§ TASK PROMPT: Please make sure what you return matches the listing below exactly, minus its pictures.

§ RECORDS FOR THIS TASK:
== Segment start ==
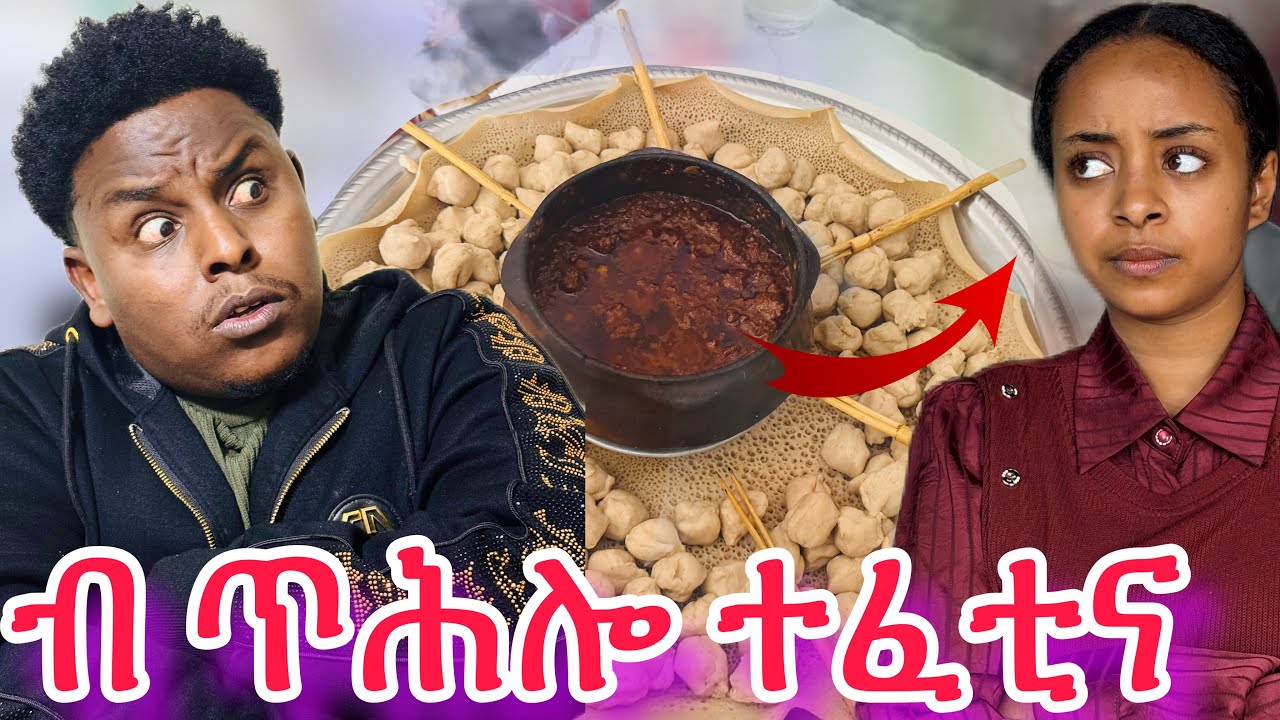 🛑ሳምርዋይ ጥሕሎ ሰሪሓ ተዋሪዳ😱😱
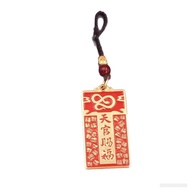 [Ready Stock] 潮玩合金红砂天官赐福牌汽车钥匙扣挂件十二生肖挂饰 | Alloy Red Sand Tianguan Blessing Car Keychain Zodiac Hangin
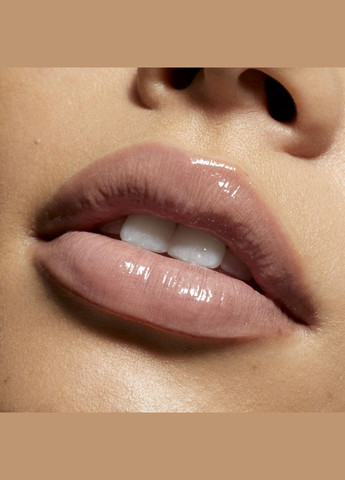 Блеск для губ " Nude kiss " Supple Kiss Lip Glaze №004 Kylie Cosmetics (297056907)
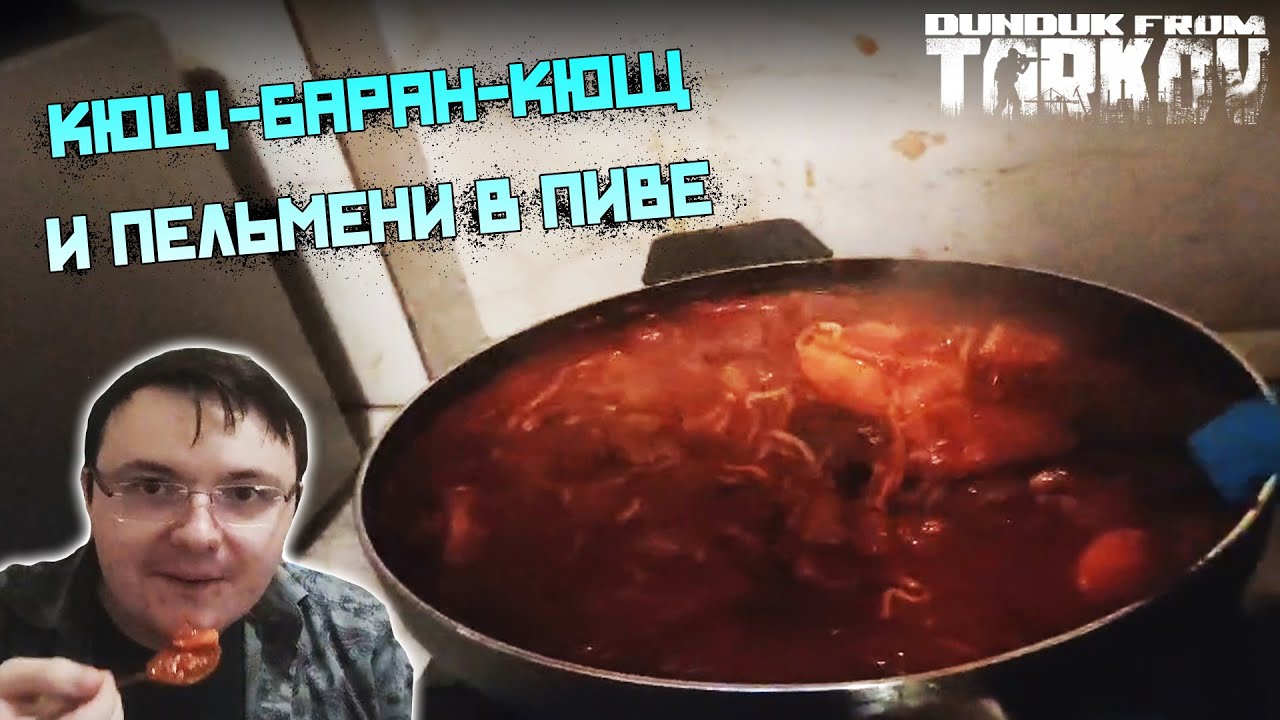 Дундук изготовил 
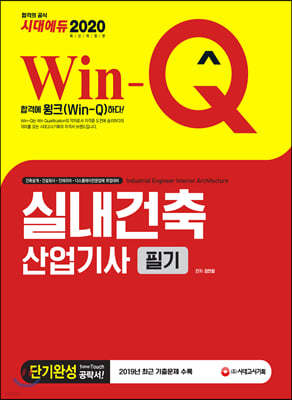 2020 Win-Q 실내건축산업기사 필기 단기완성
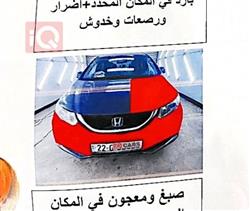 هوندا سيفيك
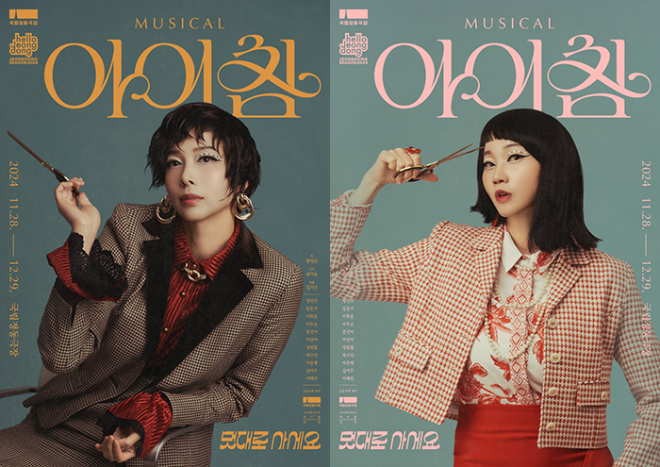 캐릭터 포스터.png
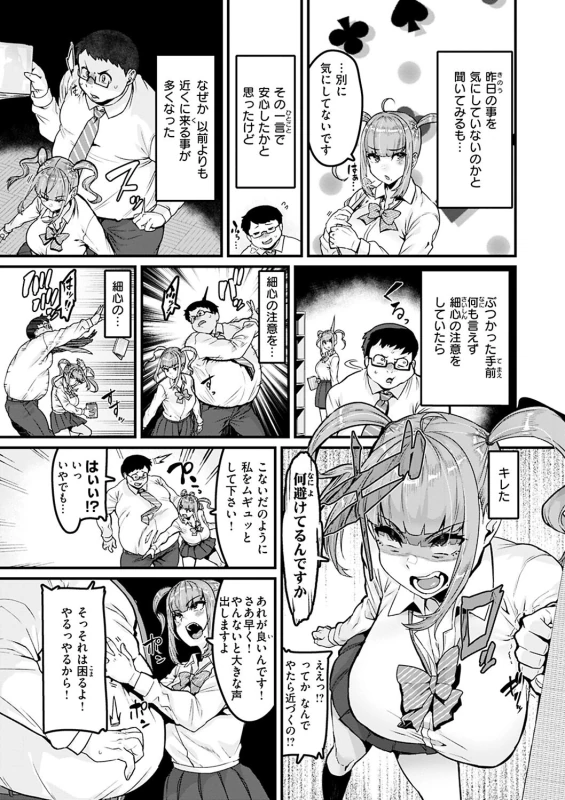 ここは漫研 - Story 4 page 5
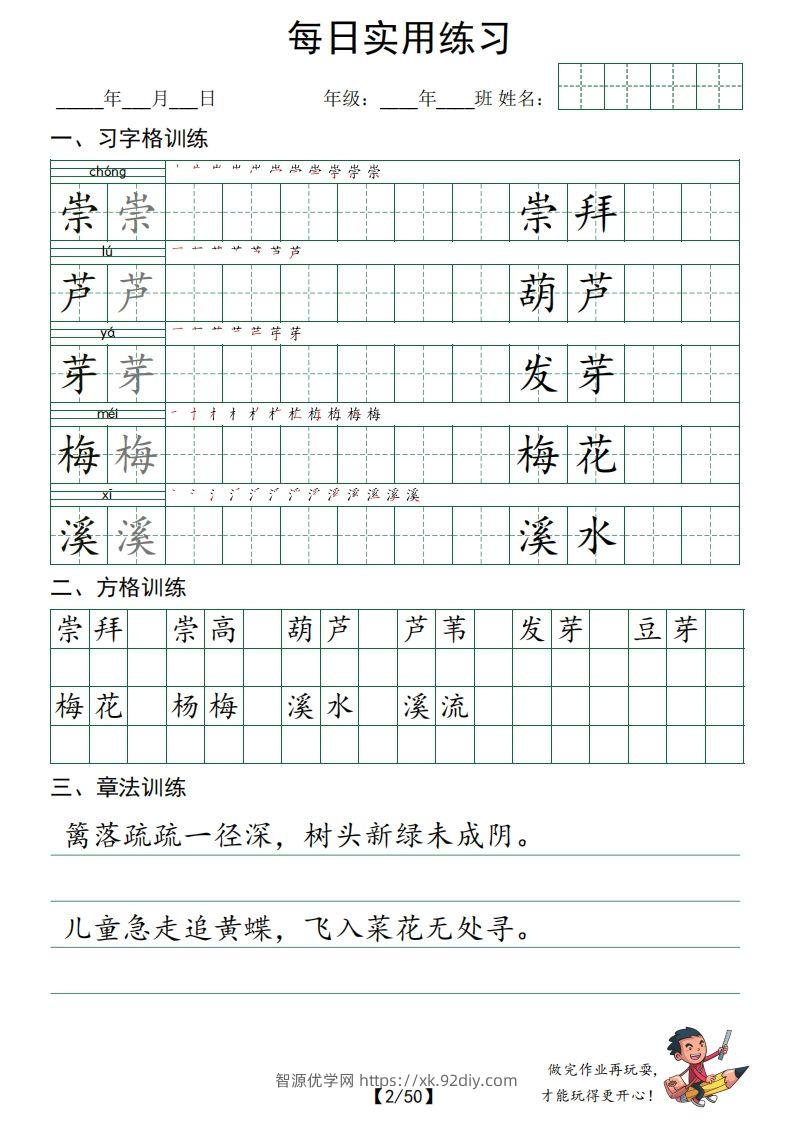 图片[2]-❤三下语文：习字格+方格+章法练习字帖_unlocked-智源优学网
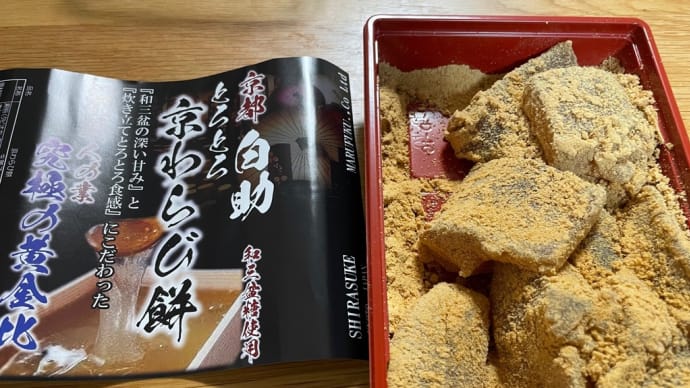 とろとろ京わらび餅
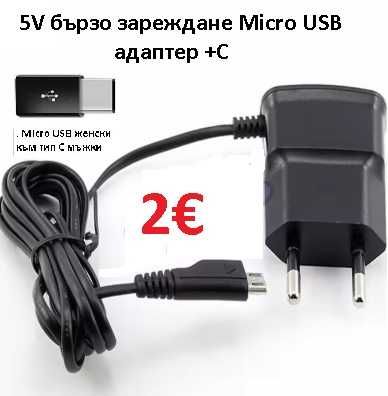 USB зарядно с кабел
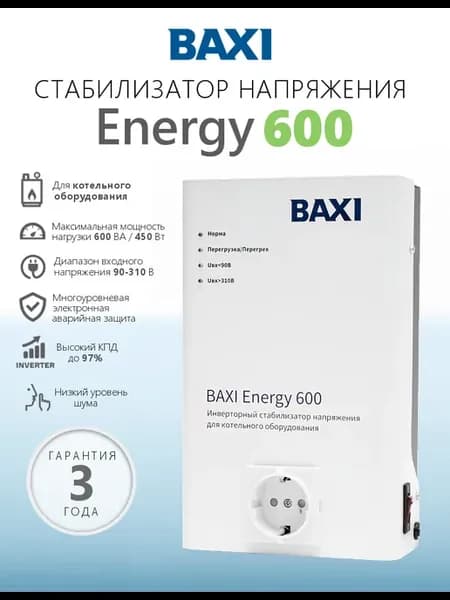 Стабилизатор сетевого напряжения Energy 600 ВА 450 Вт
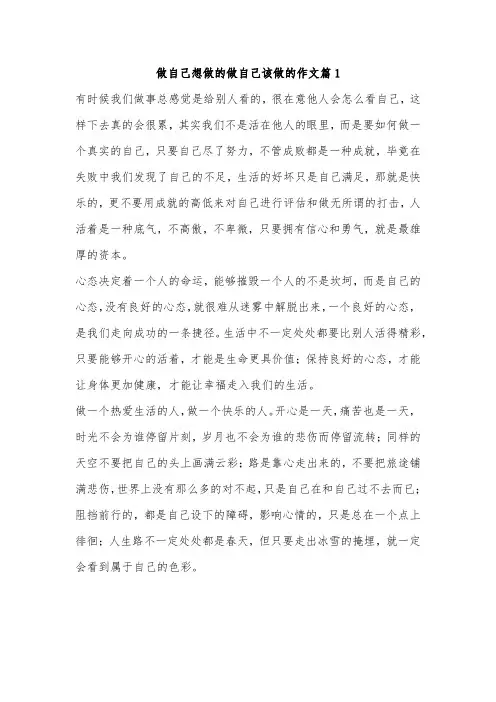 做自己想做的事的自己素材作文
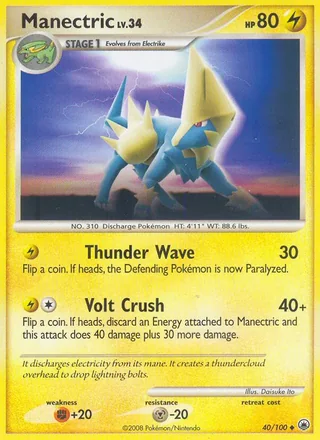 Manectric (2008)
== Segment end ==
§ TASK RESULT:
 🛑ሳምርዋይ ጥሕሎ ሰሪሓ ተዋሪዳ😱😱
 [Ready Stock] 潮玩合金红砂天官赐福牌汽车钥匙扣挂件十二生肖挂饰 | Alloy Red Sand Tianguan Blessing Car Keychain Zodiac Hangin
 Блеск для губ " Nude kiss " Supple Kiss Lip Glaze №004 Kylie Cosmetics (297056907)
 Дундук изготовил 
 2020 Win-Q 실내건축산업기사 필기 단기완성
 هوندا سيفيك
 캐릭터 포스터.png
 ここは漫研 - Story 4 page 5
 图片[2]-❤三下语文：习字格+方格+章法练习字帖_unlocked-智源优学网
 とろとろ京わらび餅
 USB зарядно с кабел
 Стабилизатор сетевого напряжения Energy 600 ВА 450 Вт
 做自己想做的事的自己素材作文
 Manectric (2008)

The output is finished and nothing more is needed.